For most first-year students a tertiary study institution can be a daunting place, especially when if they are living on campus, far removed from their families and situated among thousands of students who are mostly, at first, complete strangers.
The dean of students at the Vaal University of Technology (VUT), Dr Masitha Hoeane, is someone who has recognised these adjustment strains and decided to do something about it by launching a mentorship program at VUT in June 2004.
‘The problems we have identified are those of adjustment. Young people are under a lot of pressure when they first go to a tertiary institution. If they are not guided, supported and advised they will not grow and mature properly. The lack of a family support structure is a big problem. That is why you cannot have a void in its place, something must replace it,” says Hoeane.
The VUT mentorship programme involves inviting well-known and respected South Africans from a multitude of business fields to adopt a residence. These mentors are expected to get the students involved in projects, organise talks for the students and make time available to help students who are having adjustment problems.
‘There are people in our society who have a major pull on students, so we have decided to recruit some of these people in order to get them to assist us in student development and hopefully they can inspire our students to achieve,” says Hoeane.
‘The stage of development at which they are exacerbates the problem and students are under all kinds of peer pressure as well. They may well fall into the traps of drug abuse and unsafe sex. It is the aim of this project to keep the students fruitfully busy and to build their characters so that they are less vulnerable to the vicissitudes of tertiary life.”
Hoeane recognises the fact that counselling is often viewed by students negatively and that the mentorship programme offers a new angle in student support services. But he points out that this mentorship programme is supplementary to the counselling programme.
‘Yes, students tend to consider counselling in a negative light — that is, something for people whose heads need fixing. That needs to be addressed on an ongoing basis if counselling is to yield any value to the students,” says Hoeane.
In May of 2001, when Hoeane was dean of students at Wits Technikon, he launched the Residence Patron Initiative in order to address the needs of the students he and his colleagues had identified.
One of the students who took part in the programme was Lerato Mphela, a fourth-year production management student at Wits Technikon whose residence mentor was Yvonne Chaka-Chaka.
‘My dad lost his job and I had to take more responsibility for taking care of myself. I almost gave up and for a while I didn’t want to come back to study, I didn’t see the need,” says Mphela.
‘I went to counselling but there is a stigma about counselling that it is for people who are depressed and who are going mad. I didn’t feel that there was enough support for me. Yvonne showed me that I was a valued member of this institution.

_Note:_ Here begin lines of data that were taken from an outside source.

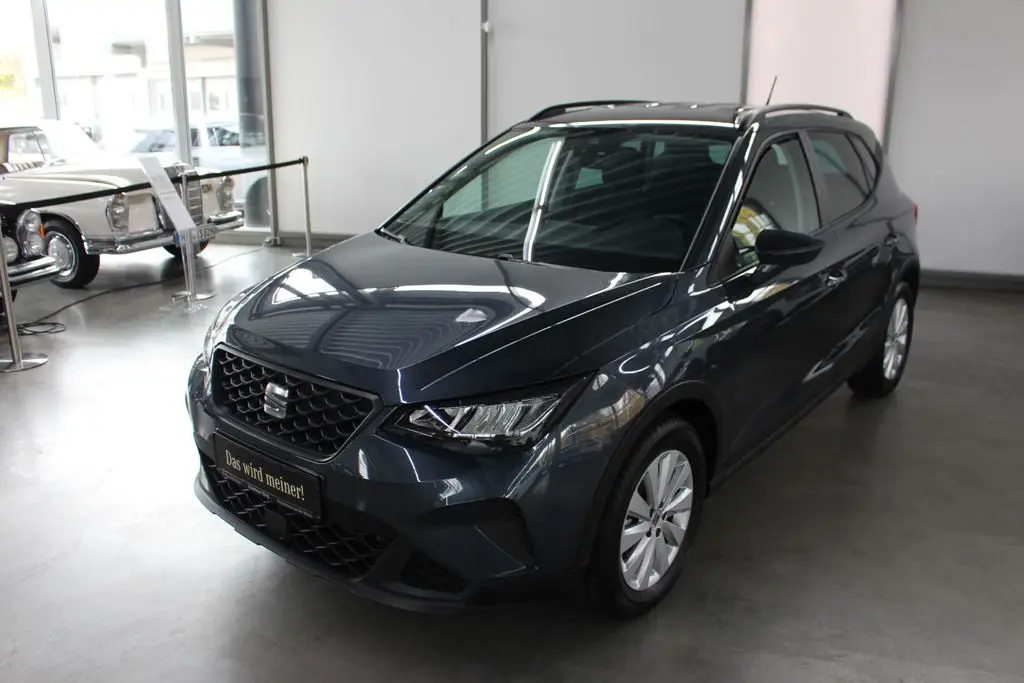 Photo 1 : Seat Arona 2024 Essence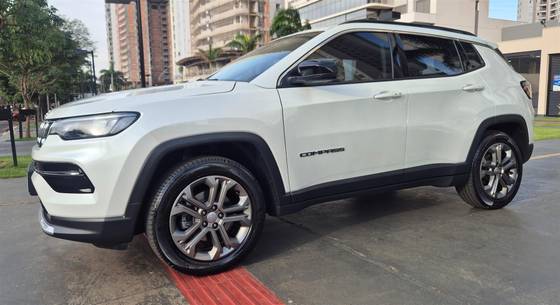JEEP COMPASS 1.3 T270 TURBO FLEX LONGITUDE AT6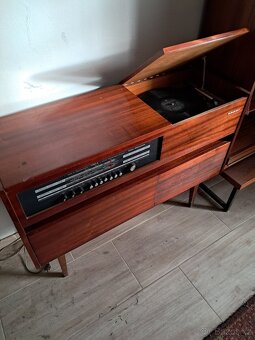 Rádio a gramofon Tesla 1130A - 3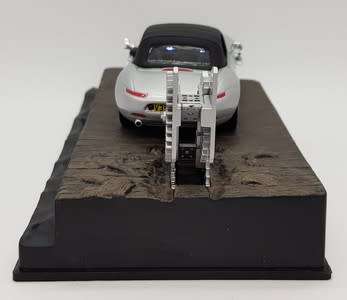 BMW Z8 - The World is not enough model car - case cracked - as per photo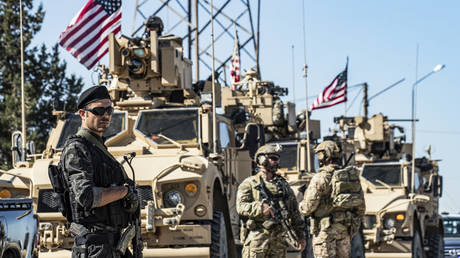 FILE PHOTO. US military armoured vehicles and soldiers on patrol near an oil well in Syria. © AFP / Delil SOULEIMAN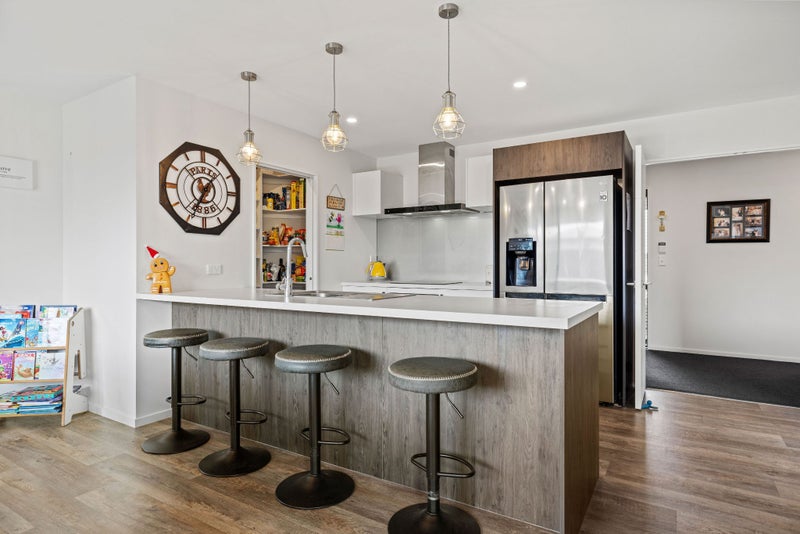 Room to Live: 3 Beds, Study & Dual Living64462136993155114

‘With Yvonne I found someone who had experienced what I was experiencing and who had made it and turned her life around and from hearing words like that from her it gave me faith.”
Another fourth-year production management student at Wits Technikon, Felicity Nong, also found the mentorship programme extremely beneficial.
‘When I came to study here I was lost, I didn’t know anybody. Jo’burg was this huge daunting place, I had no support network to talk to about things. When I had problems I didn’t know who to turn to,” says Nong.
‘This programme changed a whole lot here. There used to be male students at seven in the morning drinking on campus but now that they are kept busy with the programme there is a lot less of that on campus.”